A large share of the rally was attributed to banks, communications stocks, and companies that rely on consumer spending. Citigroup rose 2.6%, Starbucks gained 3.6%, and Netflix gained 4.9%.

The Fed raised its short-term key interest rate last month for the seventh consecutive time in 2022, signaling more increases to come. This was a sign that inflation, although still high, is slowing down.

Minutes from the mid-December meeting reveal that Fed officials were determined to keep rates high despite the fact that inflation has fallen from 9.1% in June to 7.1% November.

The Fed’s benchmark lending rates are now at 4.25% to 4.5%. This is an increase from close to zero after seven increases last year. It forecasts that the rate will range from 5% to 5.255% by 2023, and it isn’t calling for a rate reduction before 2024.

Technology sector layoffs are increasing as consumers face rising inflation and falling demand.

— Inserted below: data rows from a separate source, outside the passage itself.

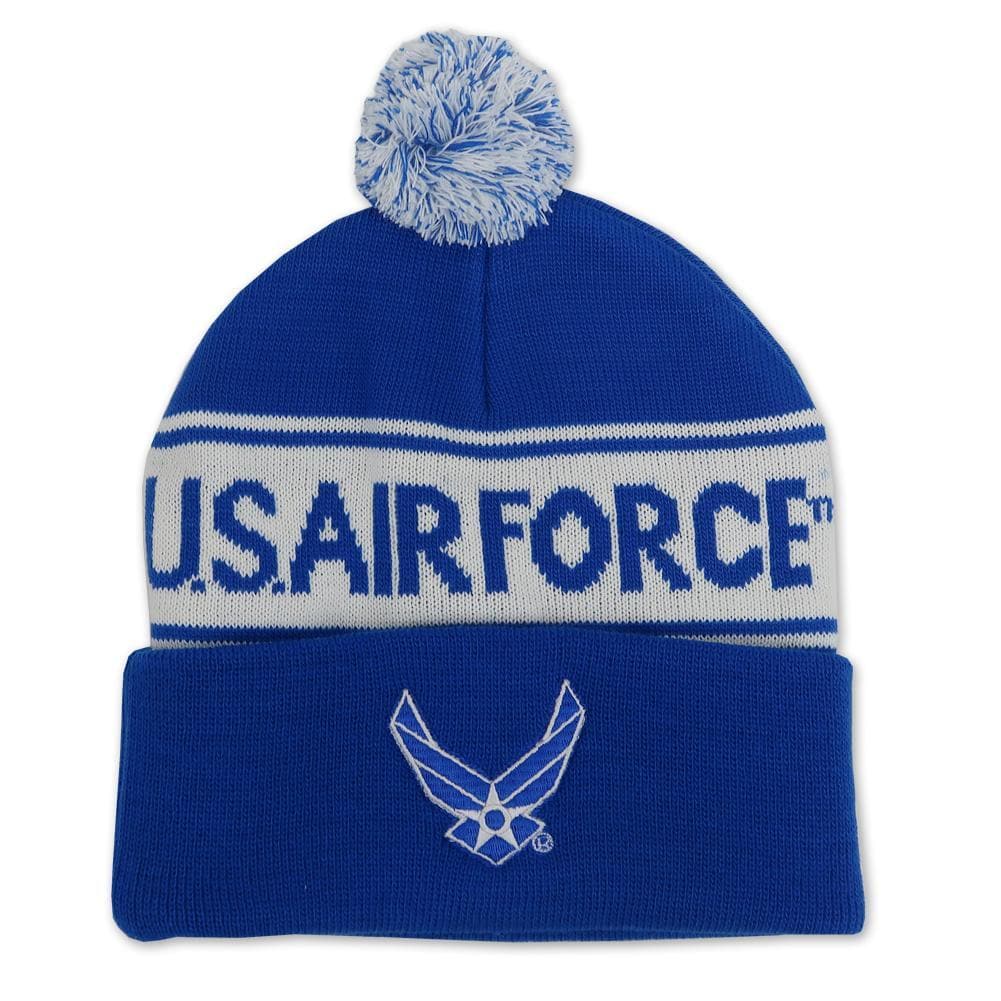 AIR FORCE POM POM KNIT BEANIE (ROYAL) 1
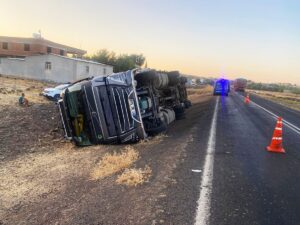 ŞANLIURFA (AA) – Şanlıurfa'nın Siverek ilçesinde hayvan yüklü tırın devrildiği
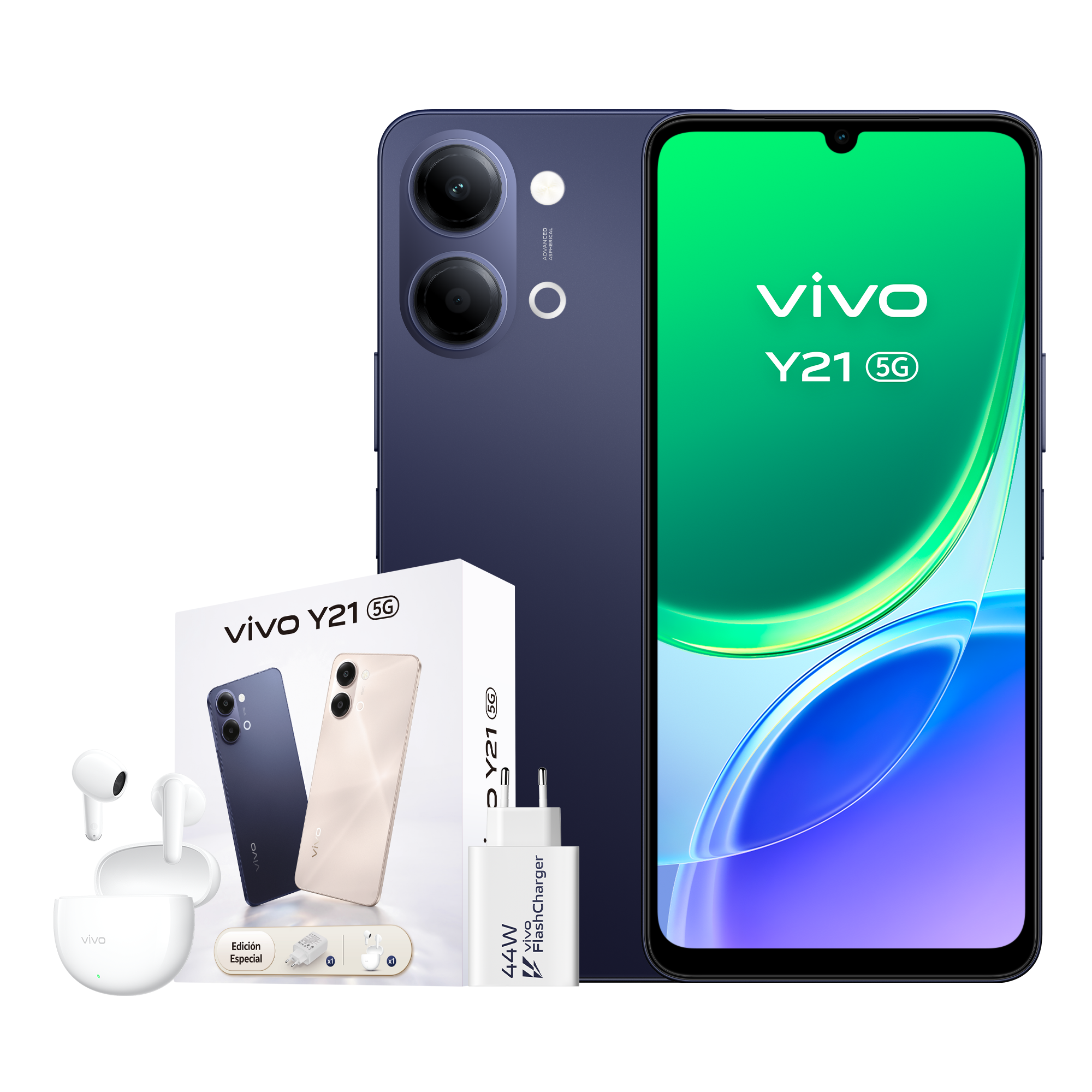 Smartphone Vivo Y21 5G en azul con caja, cargador y auriculares blancos sobre fondo negro.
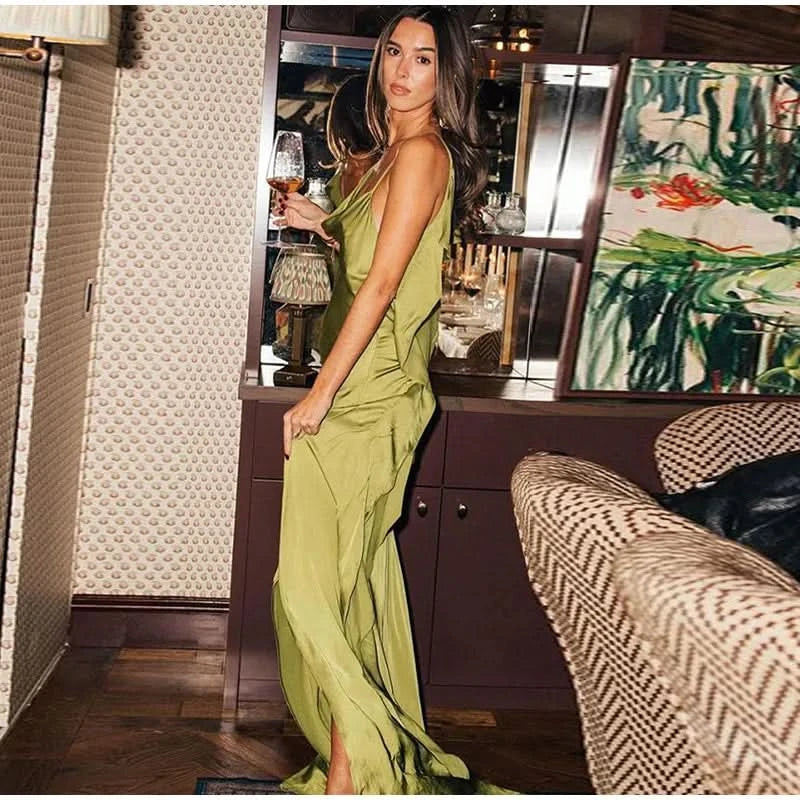 Elegant Green Satin Ruffles Sling Long Dress Women Sexy Backless Sleeveless Split Slim Dresses Lady 2025 New Party Club Vestidos - M & M Global
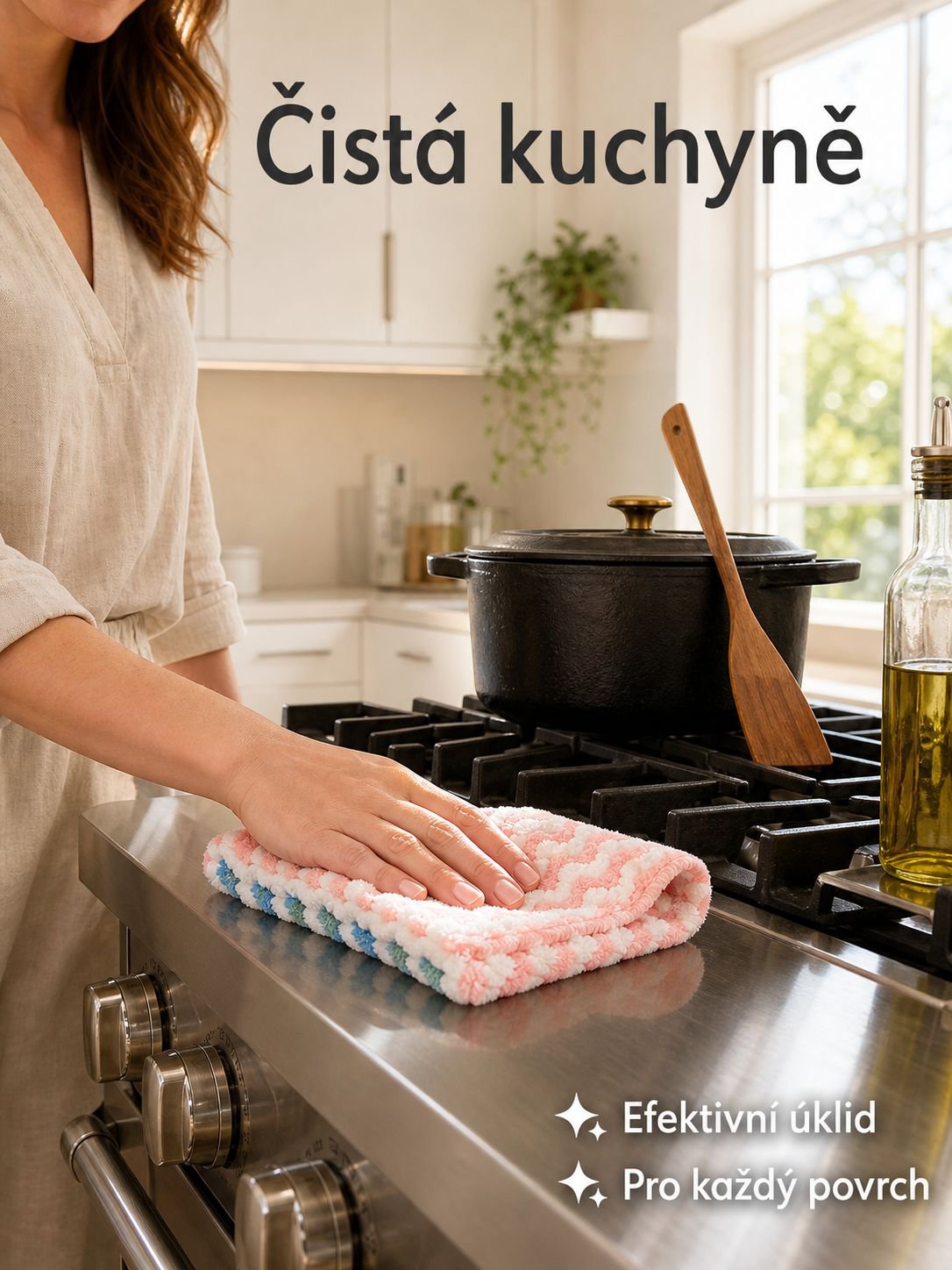 Zahuštěný kationtový korálový fleecový čisticí hadřík s vodními vlnkami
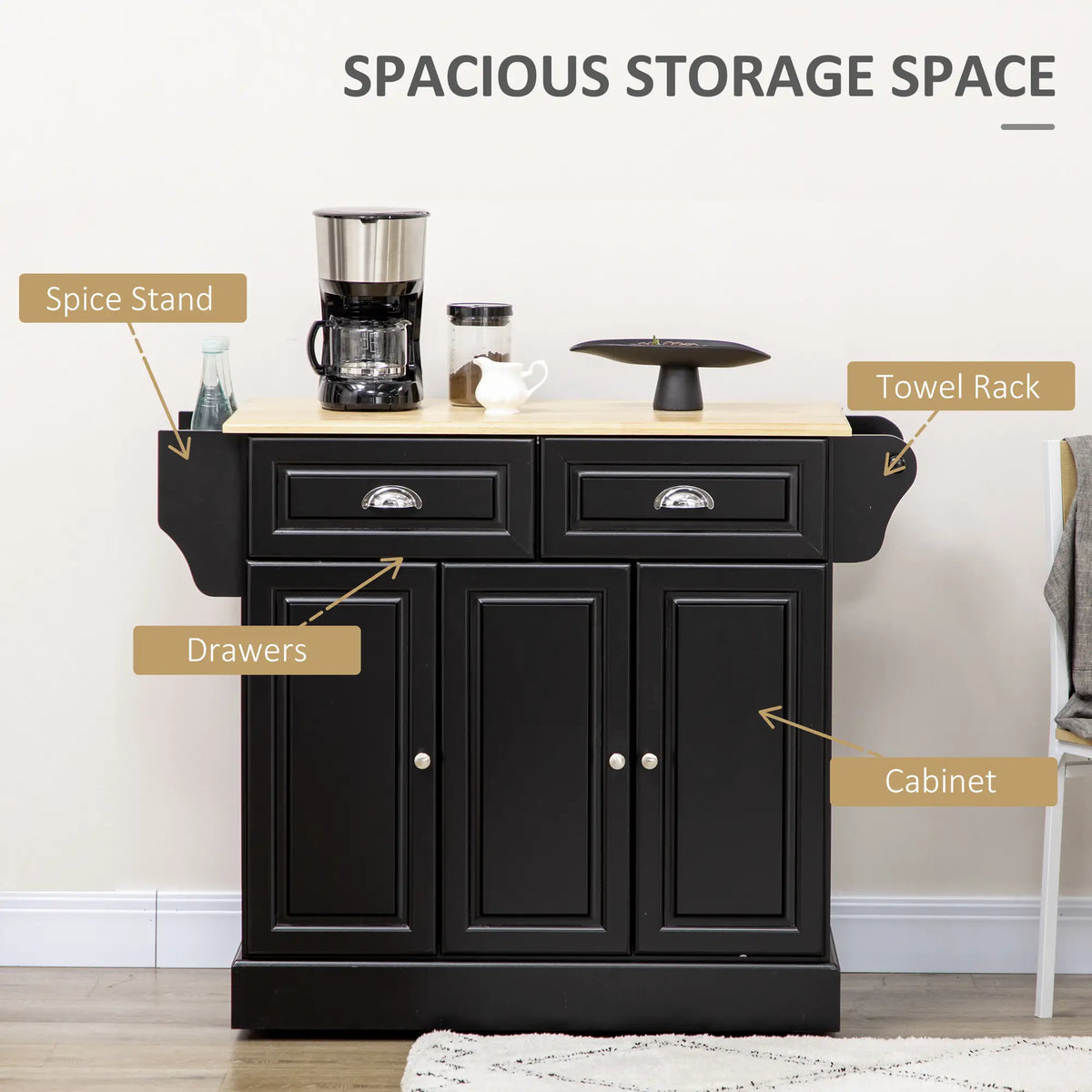 Kitchen Island with Storage, Rolling Cart, Rubber Wood Top, Black Kitchen Islands & Kitchen Carts at Gallery Canada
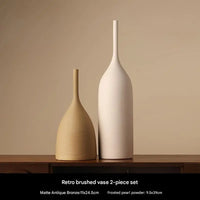 Hand-Brushed Ceramic Vase – Morandi-Style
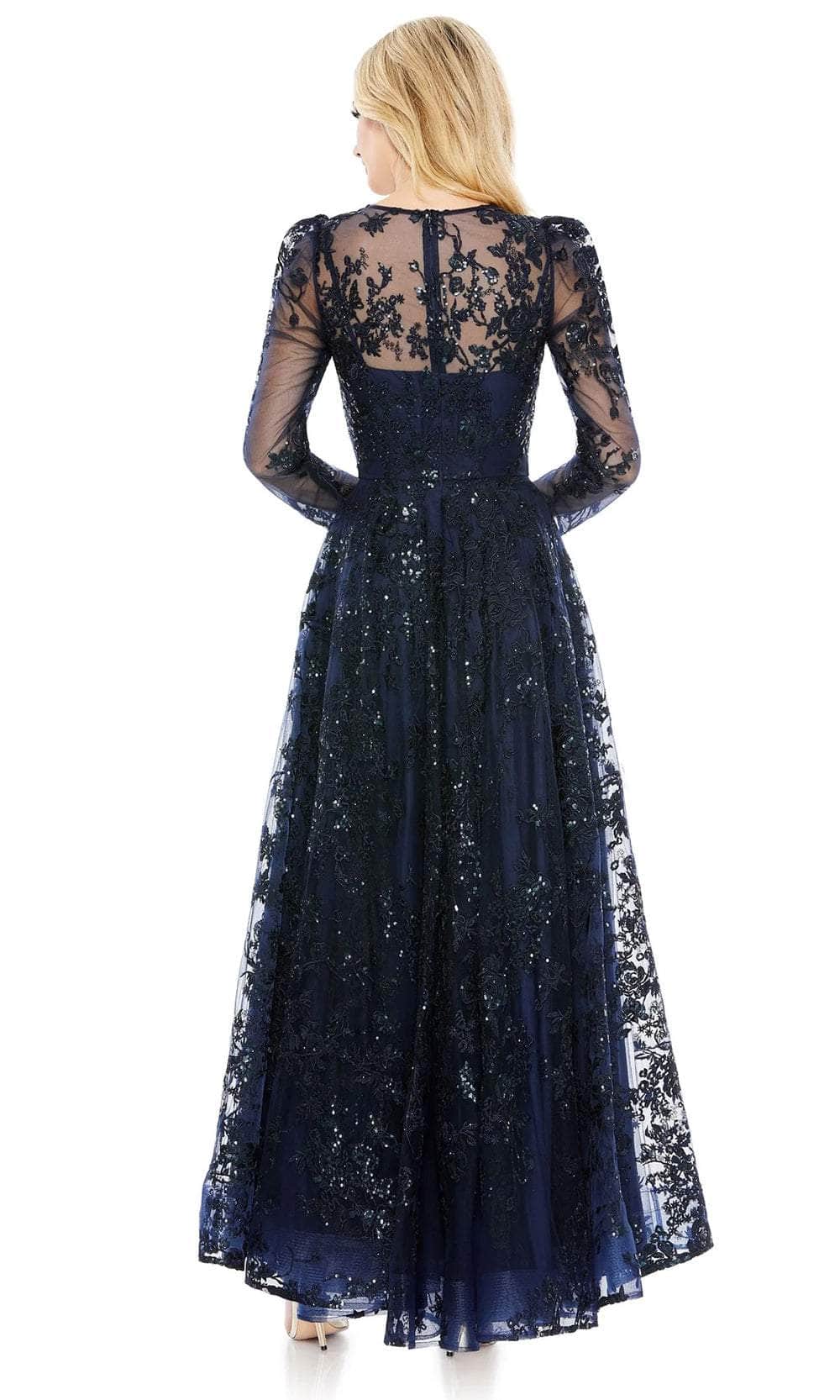 Embroidered Jewel Neck Long Dress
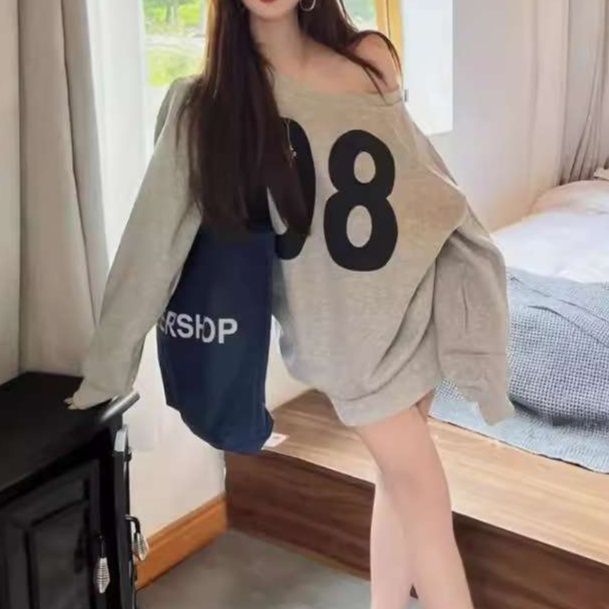 Y2Kファッション オーバーサイズ数字プリントカットソー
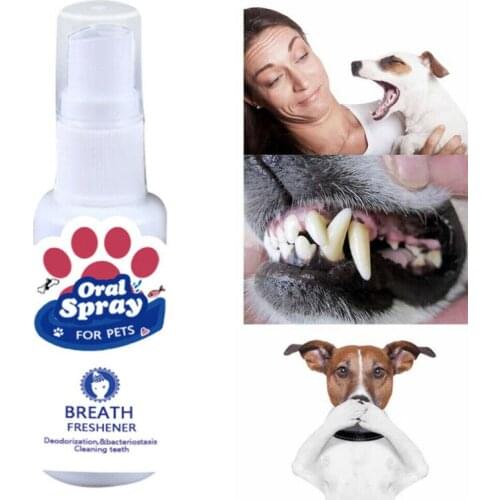 1PCS 30ml Pet Dog Breath Freshener Spray Dog Teeth Cleaner Dog Cat Oral Healthy Dental Care Cleaning Cat Dog Stain Odor Removers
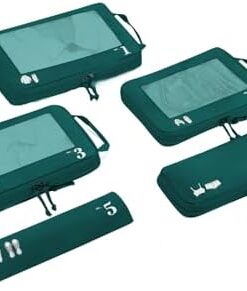 ECOHUB Packing Cubes Compression 5 Pièces Valise Cabine Voyage Bleu-Vert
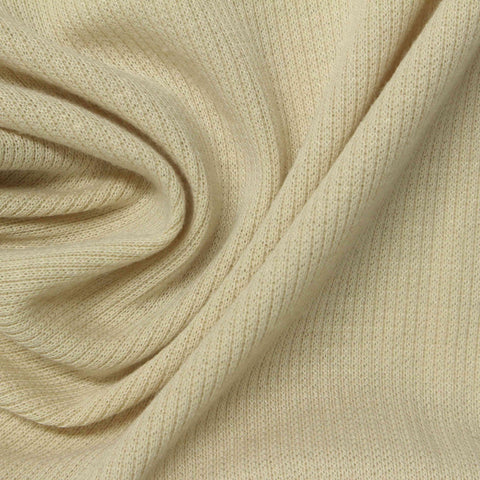 Polyester Stretch Rib Knit Fabric, 220 gsm, 150 cm — Beige
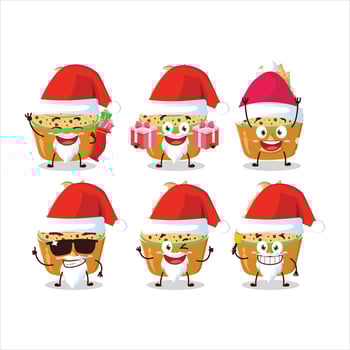 Santa Claus emoticons with ice cream melon cup cartoon character vector
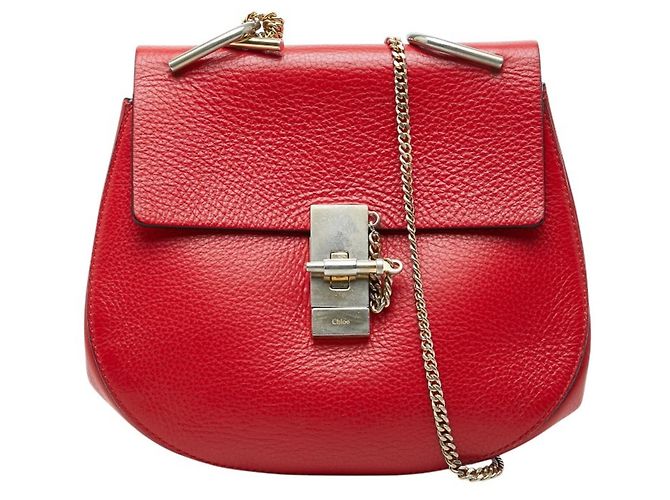 Bolsa de Ombro com Corrente Chloé Drew em Couro Vermelho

Many companies that have reduced staff due to lower demand were cheered by investors. Salesforce, a cloud computing software company, saw its stock rise 3.6% after it announced that it would be laying off 10% of its workforce. Vimeo, a video hosting platform, saw a 4% increase after it reportedly informed workers about job cuts.

Energy trading saw benchmark crude oil rise 85 cents to $73.79 a bar in electronic trading on New York Mercantile Exchange. It fell $4.09 on Wednesday. Brent crude, an international standard for pricing, rose 77c to $78.61 per barrel. U.S. crude oil settled 5.3% less on Wall Street.

The U.S. dollar dropped to 131.87 Japanese Yuen in currency trading from 132.56 Yoen. The euro cost $1.0620, slightly higher than $1.0610.


This report was contributed by Alex Veiga and Damian J. Troise, AP Business Writers.